Project

ORISON overall project aims at boosting several fields of astronomy with the improvement of scientific instrumentation. The current action is addressed to carry out feasibility and design studies of an astronomically-oriented research infrastructure based on a balloon facility. This infrastructure can deploy one or several small-to-medium-sized telescopes and a suite of other scientific instruments as light payloads to do state of the art research at acceptable costs, and not necessarily from remote locations. Part of the goals of the proyect is to define which system will be the best to give service to the biggest group of astronomers.

Astronomical observations (and astronomical experiments) on Earth are severely affected by the Earth’s atmosphere^[1]. There are many problems associated with the limitations that Earth’s atmosphere imposes. To name a few, atmospheric turbulence dramatically degrades the image quality that telescopes can deliver, atmospheric absorption completely blocks the radiation at certain wavelengths, the scattering and emissions by the atmosphere cause enormous background noise, and bad weather prevents observations. These and other problems are discussed at length in Background section. The major limitations are in observations carried out through the use of telescopes at different parts of the electromagnetic spectrum, including the visible range.
Yet in astronomy we try to observe not only in the electromagnetic spectrum. We also try to detect cosmic rays, all sorts of elementary particles and we even measure perturbations in the magnetic fields because from those data one can derive plenty of valuable information on astrophysical processes. We also try to observe and study particulates and bodies that collide with the Earth, as they carry important information on our closest astrophysical environment. Most of the astronomers usually refer to this second group of activities as “experiments” rather than observations, but they are actually observations because we cannot control the experiment and we are thus mere witnesses.

The usual solution to overcome almost all the problems stated above is the development of specific space missions, such as the Hubble Space Telescope, whose costs are immense and whose availability is highly restricted. Space missions, besides the immense costs involved, are usually very risky and are subject to irrecoverable failures. Besides, they take very long to implement and launch, they usually suffer delays and by the time they are launched part of their instrumentation is already nearly obsolete.

Stratospheric balloon solutions have been used in the past to overcome some of the problems listed in the previous section, but most of the balloon missions were carried out with expensive balloons launched with very heavy payloads and launched from Antarctica or near the North Pole to take advantage of the special pattern of wind circulation there.

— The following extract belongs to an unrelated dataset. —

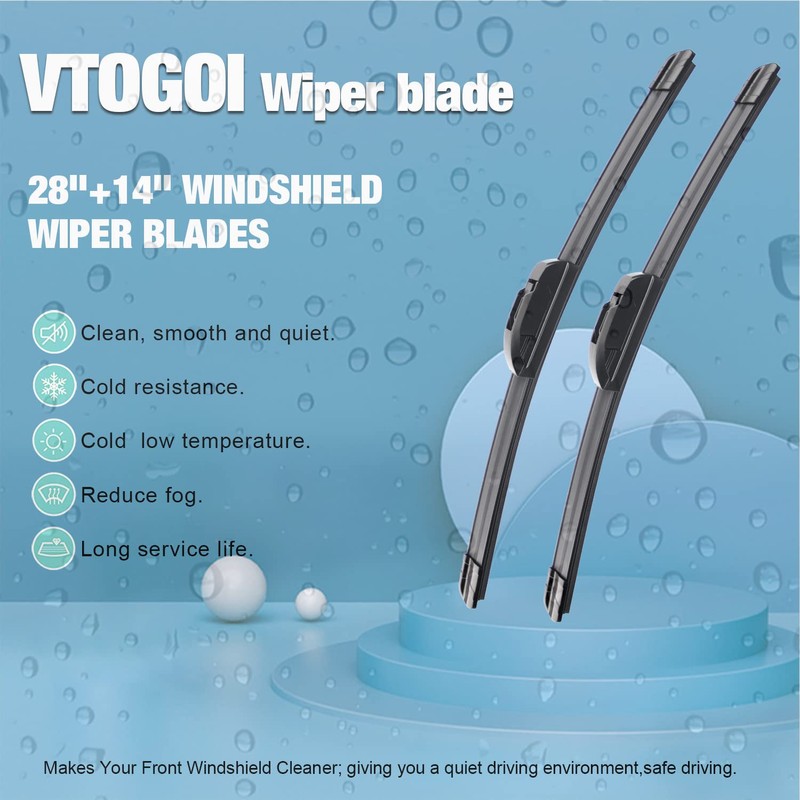 VTOGOI OEM Quality 28''+14'' Premium All-Season Auto Windshield Natural Rubber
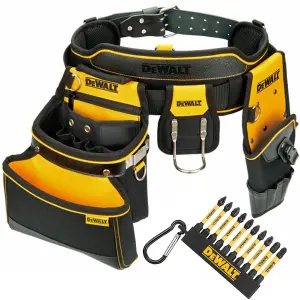 Dewalt DWST1-75552 Heavy Duty Tool Rig Toolbelt Hammer Holder + 10 Piece Bit Set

The solution proposed in ORISON is a more flexible, more specific, and of lower cost, than previous balloon experiences

Our approach is the use of small low-cost stratospheric balloons, either individually or as a fleet, equipped with light-weight medium-sized telescopes and other instruments to perform specific tasks in short-duration missions. They can carry different payloads for specific “experiments” too, and should be configurable to some degree to accommodate variable instrumentation. These balloon-based telescopes should be designed to be launched from many sites on Earth, not necessarily from remote sites such as Antarctica or near the North Pole and at low cost.

The specific objectives of the current project to reach out the expected results of the overall ORISON are:

The relevance of ORISON must be evaluated both short and long term.  In the short term, ORISON will enable a more efficient use of resources used in current lines of basic research as well as the access to new ones. From a broader perspective, ORISON and astronomical research in general is essential in our-day live. In long term, fruits of scientific and technological development in astronomy have relevant applications for economy and society, as has happened with applications such as Personal Computers, Communication Satellites, Mobile Phones, Global Positioning Systems, Solar Panels and Magnetic Resonance Imaging (MRI) scanners. Although the importance of these advances has focused mainly on the technology and knowledge transfer, perhaps the most important contribution is still the fact that astronomy makes us aware of how we fit into the vast Universe.^[2]